New Fiction: August

Blog · Posted July 24, 2024

Our booksellers have chosen their top fiction picks for this month

PAPERBACK

North Woods by Daniel Mason | 29th August | £9.99

A single house deep in the woods of New England.  A young Puritan couple on the run. An English soldier with a fantastic vision.  A lovelorn painter and a lusty beetle. A desperate mother and her haunted son. Buried secrets. Madness, dreams and hope. All are connected. The dark, beautiful past is very much alive. North Woods will change the way you see the world.

 


Let Us Descend by Jesmyn Ward | 1st August | £9.99

Everything Annis knows, she learned from her mother – how to fight, how to be strong, how to grow up in a world shrouded in darkness. When sold south, she must venture through the unforgiving American South alone, searching for relief in memories. This reimagining of American slavery is a magnificent portrait of the strength of the human spirit and its ability to emerge from darkness into light.

 


Kennedy 35 by Charles Cumming | 1st August | £9.99

Kite’s mission should be straightforward, but it soon turns into a terrifying game of cat and mouse along the beaches and backstreets of Senegal.

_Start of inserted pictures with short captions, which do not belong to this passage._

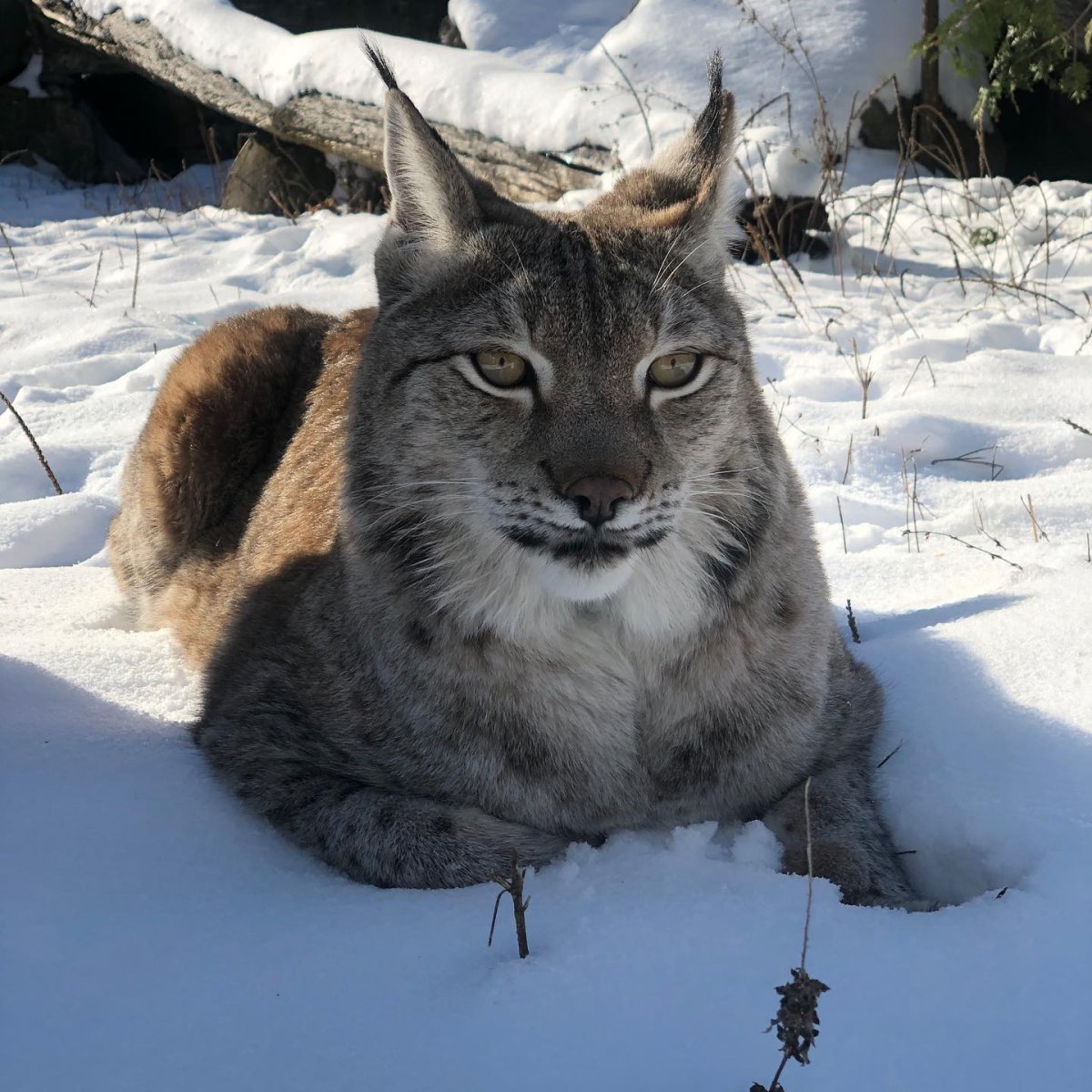 Hazard is the new lynx at the Riverview Park and Zoo in Peterborough. The zoo will be closed beginning Saturday as a precautionary measure against coronavirus.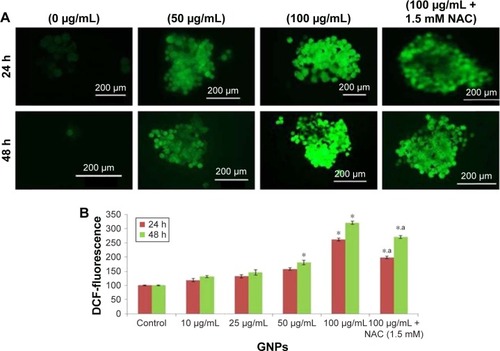 Figure 4 ROS production induced by GNPs. (A) The fluorescence image of SH-SY5Y cells treated with 10–100 µg/mL of GNPs for 24–48 h and stained with DCFHDA. (B) % ROS production due to GNPs in cells. SH-SY5Y cells were pretreated with or without NAC (1.5 mM) for 1 h and then exposed to GNPs (100 µg/mL) for 24 and 48 h. Images were snapped in phase contrast cum fluorescence microscope (Nikon, model 80i). Each value represents the mean ± SE of three experiments. *P<0.01 vs control. Values with alphabet superscript differ significantly (P<0.01) between exposed concentrations of GNPs (100 µg/mL) and GNPs (100 µg/mL) + NAC groups in same durations.Abbreviations: DCFHDA, dichloro-dihydro-fluorescein diacetate; GNPs, gadolinium oxide nanoparticles; NAC, N-acetyl-cysteine; ROS, reactive oxygen species; SE, standard error.
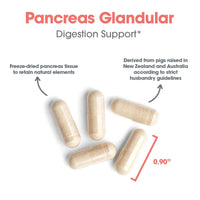 Thumbnail for Nutricology Pancreas Pork 425mg Supplement - Pancreas Natural Glandular, Pancreatic Enzymes, Amylase, Protease, Lipase, Hypoallergenic - 60 Count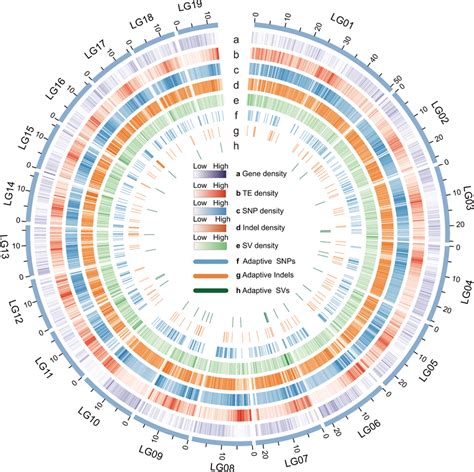 Circos Display Of The Genomic Features And Diversity Of The Assembled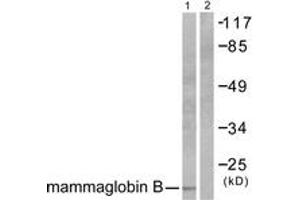 Western blot analysis of extracts from HepG2 cells, using Mammaglobin B Antibody. (SCGB2A1 抗体  (AA 10-59))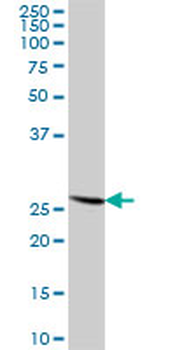 RPL14 purified MaxPab mouse polyclonal antibody (B01P)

Now, nearly thirty years later, it seems the game isn’t over. And unless Kite can turn the tables on his pursuers, the inner workings of the secret state could be exposed…

 


 

HARDBACK

Wife by Charlotte Mendelson | 8th August | £18.99

Zoe Stamper, junior researcher, meets fellow academic Dr Penny Cartwright. Penny leaves Zoe a cryptic note, and a passionate affair ensues. But there is something else Penny needs as badly in her life as Zoe’s adoration, and thus the beginning of their affair might also have signalled its end…Wife is heart-breaking and funny, profound and gripping, as it takes the reader from the end of a relationship to its beginning, and back again.

 


Phantom Limb by Chris Kohler | 1st August | £17.99

Gillis – a young Scottish minister who technically doesn’t believe in god – falls into a hole left by a recently dug up elm tree and discovers an ancient disembodied hand in the soil. He’s about to rebury it when the hand…beckons to him. Somewhere, in the hand’s deep history, there lies a story of the Scottish reformation, of art and violence, and of its owner long since dead. But for Gillis, there lies only opportunity.

 


Shy Creatures by Clare Chambers | 29th August | £20

Helen Hansford is an art therapist in a psychiatric hospital where she has been having a long love affair with Gil: a charismatic, married doctor. One afternoon they receive a call about a disturbance. A 37 year old man called William Tapping, has been discovered along with his elderly aunt. It is clear he has been shut up in the house for decades, but when it emerges that William is a talented artist, Helen is determined to discover his story.

 


The Examiner by Janice Hallett | 29th August | £18.99

The year-long art course at Royal Hastings University is blighted by students setting fire to one another’s artwork, a rumoured extra-marital affair and a disastrous road trip. But finally they are given their last assignment: to build an art installation for a local manufacturer. With six students who have nothing in common except their clashing personal agendas, what could possibly go wrong? The answer is: murder.

 


A Little Trickerie by Rosanna Pike| 1st August | £16.99

Tibb Ingleby’s mother taught her that if you’re not bound by the Big Man’s rules, there are many ways a woman can find shelter in this world. When the opportunity presents itself to escape the shackles society has placed on them, Tibb and her new friends conjure an audacious plan: her greatest trickerie yet. Portraying a side of Tudor England rarely seen, it’s a tale of belief and superstition, with a ragtag cast of characters and a distinctly unangelic heroine.

 


There are Rivers in the Sky by Elif Shafak | 8th August | £18.99

This is the story of one lost poem, two great rivers, and three remarkable lives – all connected by a single drop of water. A dazzling feat of storytelling There are Rivers in the Sky is a rich, sweeping novel that spans centuries, continents and cultures, entwined by rivers, rains, and waterdrops: ‘Water remembers. It is humans who forget.’

 


Death at the Sign of the Rook by Kate Atkinson | 22nd August | £22

Welcome to Rook Hall. By night’s end, a murderer will be revealed…Ex-detective Jackson Brodie is called to Burton Makepeace for the seemingly tedious matter of a stolen painting.  Once a magnificent country house, Burton Makepeace now hosts Murder Mystery weekends.  As guests and old friends converge, we are treated a fiendishly clever mystery; one that pays homage to the masters of the genre—from Agatha Christie to Dorothy Sayers.